Like the standard logistic regression, the stochastic component for the rare events logistic regression is:

\[ Y_i \; \sim \; \textrm{Bernoulli}(\pi_i), \]

where $Y_i$ is the binary dependent variable, and takes a value of either 0 or 1.

The systematic component is:

\[ \pi_i \; = \; \frac{1}{1 + \exp(-x_i \beta)}. \]

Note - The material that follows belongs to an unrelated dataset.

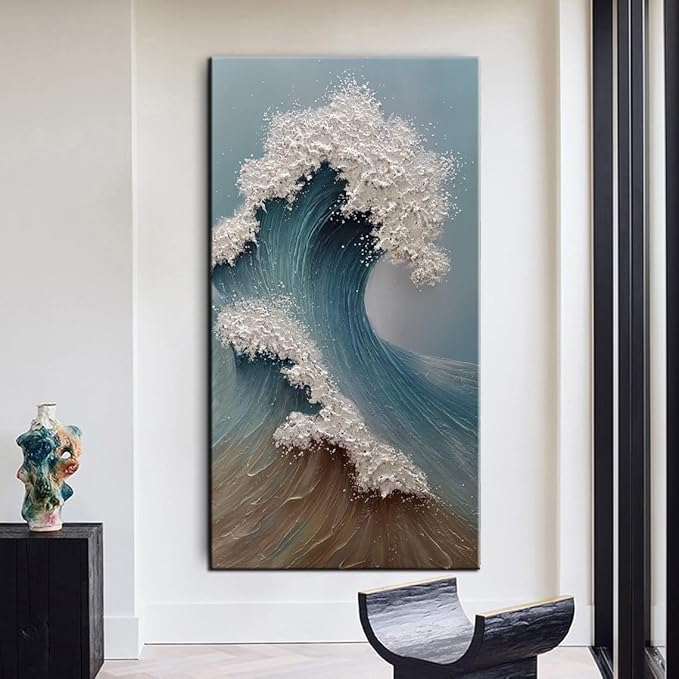 YaSheng Art 3D Ocean Wave Canvas Wall Art, Hand-Painted Textured Seascape, 24 x 48 inches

If the sample is generated via a case-control (or choice-based) design, such as when drawing all events (or “cases”) and a sample from the non-events (or “controls”) and going backwards to collect the explanatory variables, you must correct for selecting on the dependent variable. While the slope coefficients are approximately unbiased, the constant term may be significantly biased. Zelig has two methods for case control correction:
- The “prior correction” method adjusts the intercept term. Let $\tau$ be the true population fraction of events, $\bar{y}$ the fraction of events in the sample, and $\hat{\beta_0}$ the uncorrected intercept term. The corrected intercept $\beta_0$ is:

\[ \beta = \hat{\beta_0} - \ln \left[ \bigg( \frac{1 - \tau}{\tau} \bigg) \bigg( \frac{\bar{y}}{1 - \bar{y}} \bigg) \right]. \]

The “weighting” method performs a weighted logistic regression to correct for a case-control sampling design. Let the 1 subscript denote observations for which the dependent variable is observed as a 1, and the 0 subscript denote observations for which the dependent variable is observed as a 0. Then the vector of weights $w_i$

\[ \begin{aligned} w_1 &=& \frac{\tau}{\bar{y}} \\ w_0 &=& \frac{(1 - \tau)}{(1 - \bar{y})} \\ w_i &=& w_1 Y_i + w_0 (1 - Y_i) \end{aligned} \]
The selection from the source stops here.